# I'm only looking for a minute of your time. . .



## kamalayka (Sep 8, 2012)

http://www.noteflight.com/scores/view/8305ed90cdbbb0e5a39c50bf7aa9a9b800607d50

Here is something I started this morning. It's my first attempt at writing four-part harmony.


----------



## jani (Jun 15, 2012)

I think that it would fit a start menu of a RPG game.


----------



## Mephistopheles (Sep 3, 2012)

That was certainly very interesting. Let me start by sayi-

[End of 60 second limit]


----------



## kamalayka (Sep 8, 2012)

jani said:


> I think that it would fit a start menu of a RPG game.


I was actually watching an episode of American Dad, and there was scene where they were playing fantasy music.

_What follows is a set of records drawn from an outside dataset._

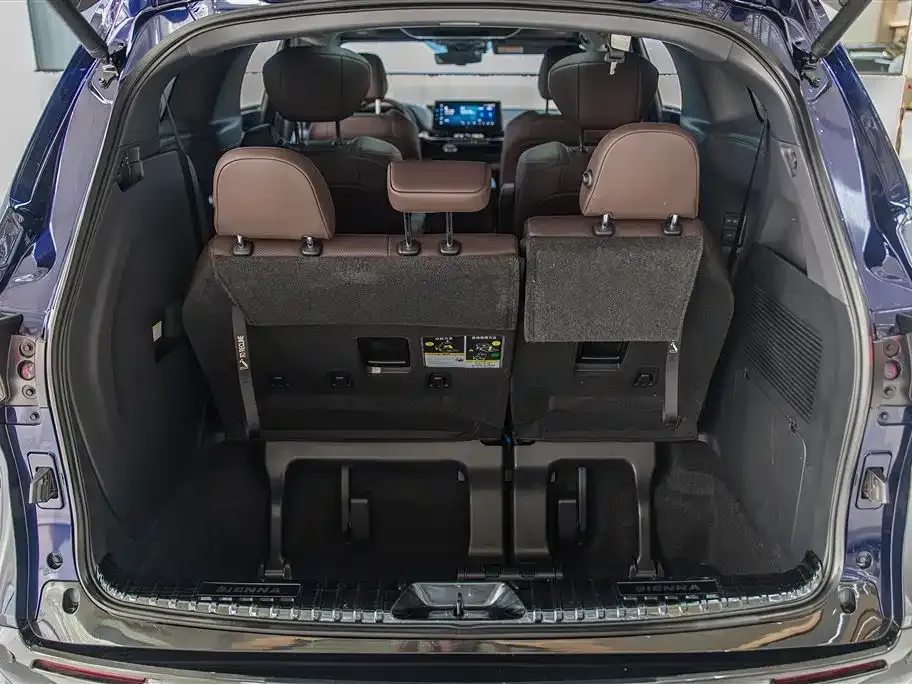 Toyota Sienna — фото 10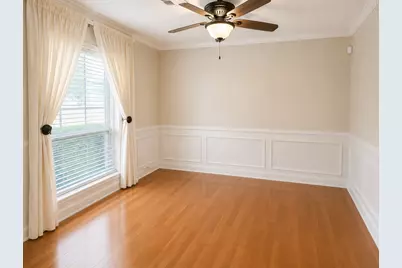 826 Greenbelt Drive, Houston, TX 77079 - Photo 11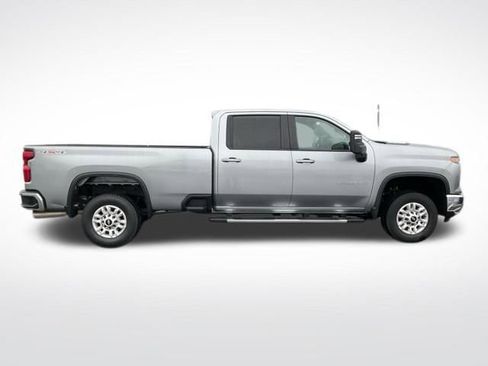 Certified 2025 Chevrolet Silverado 2500 LT w/ Safety Package image 8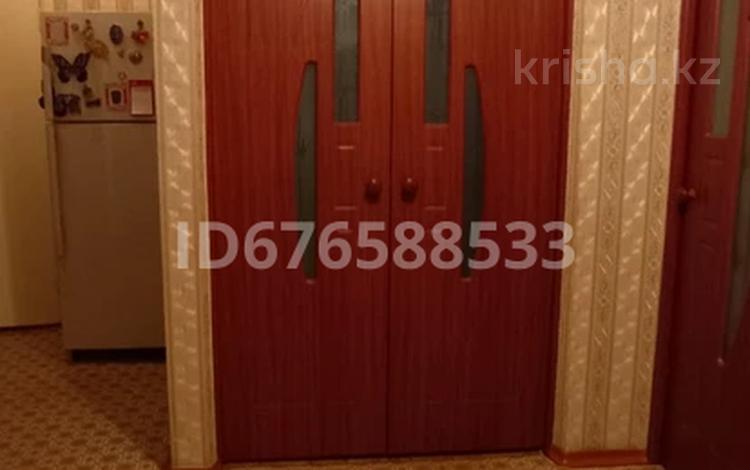 3-комнатная квартира · 68 м² · 1/5 этаж, 10 мкр (Аса) 32А за 20 млн ₸ в Таразе — фото 2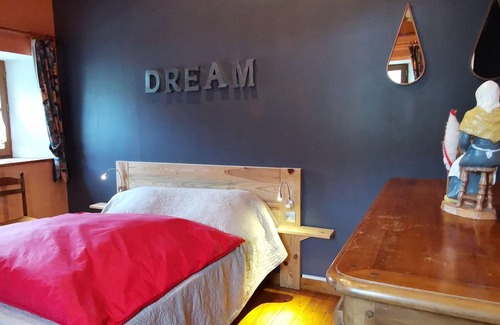 Saint-Julien-des-Chazes Cottage | Gite Saint-Julien-des-Chazes, 4 bedrooms, 9 persons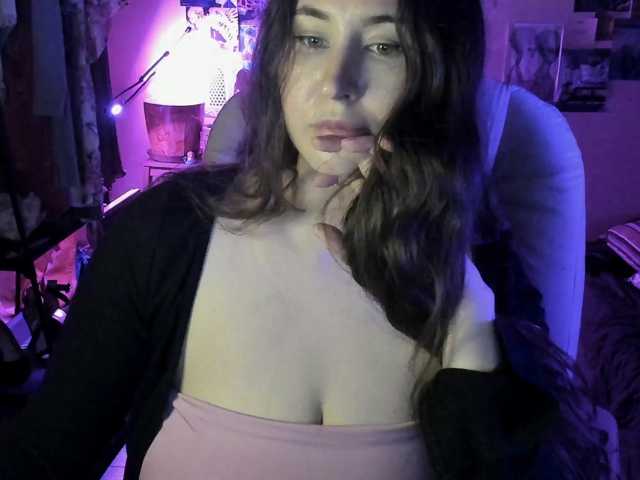TemptingFable live cam preview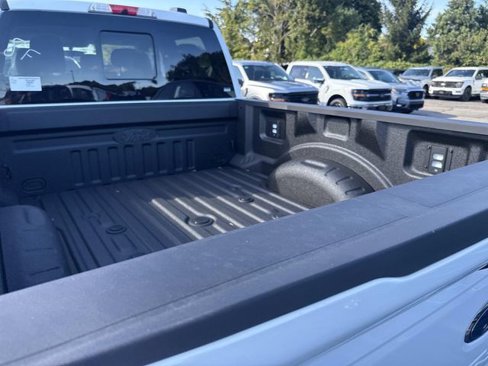 New 2026 Ford F250 4x4 Crew Cab Super Duty image 5
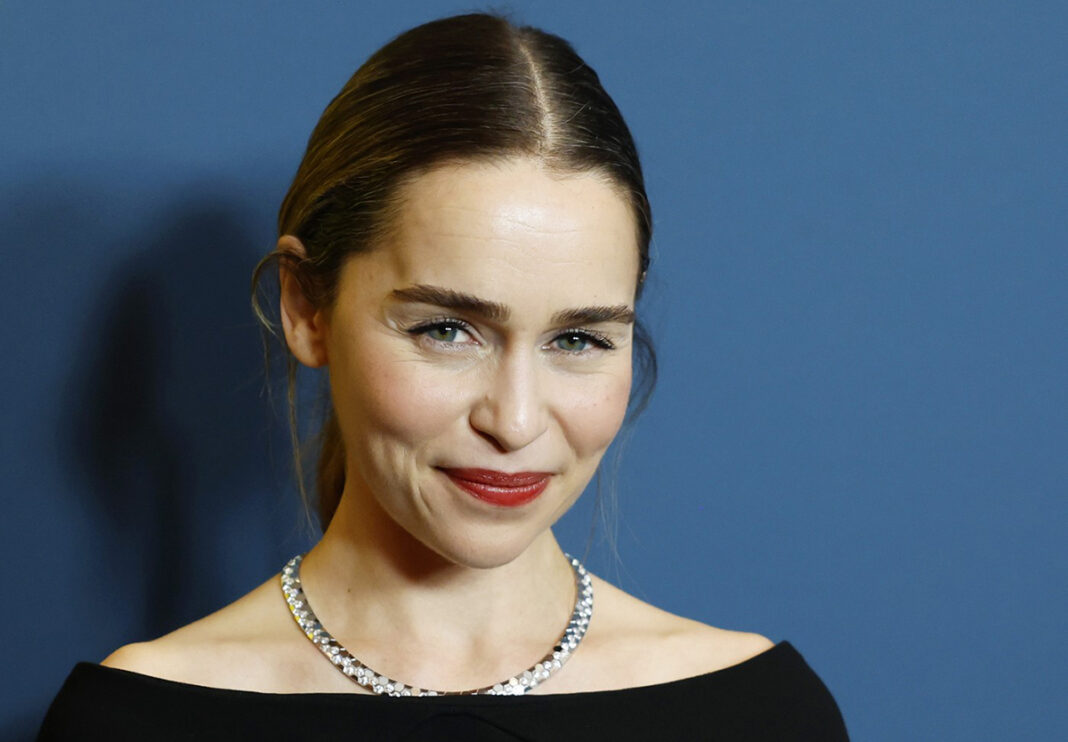 Filmul de groază „When Darkness Loves Us”, cu Emilia Clarke și Victoria Pedretti, va fi lansat la Cannes prin intermediul Cornerstone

I thought it sounded it neat, so tried my hand at it.


----------



## kamalayka (Sep 8, 2012)

Mephistopheles said:


> That was certainly very interesting. Let me start by sayi-
> 
> [End of 60 second limit]


I kept it short because I just wanted to try it out and see what happened. (I am not smart enough to compose true classical music, so I write classical "sounding" stuff.)


----------



## kamalayka (Sep 8, 2012)

I spent the last 15 minutes making another one. . .

http://www.noteflight.com/scores/view/6dcb94f55ce24ed40a44e998444d1d73d7d9ad69

Hopefully it's notas cringeworthy as the last one. . .


----------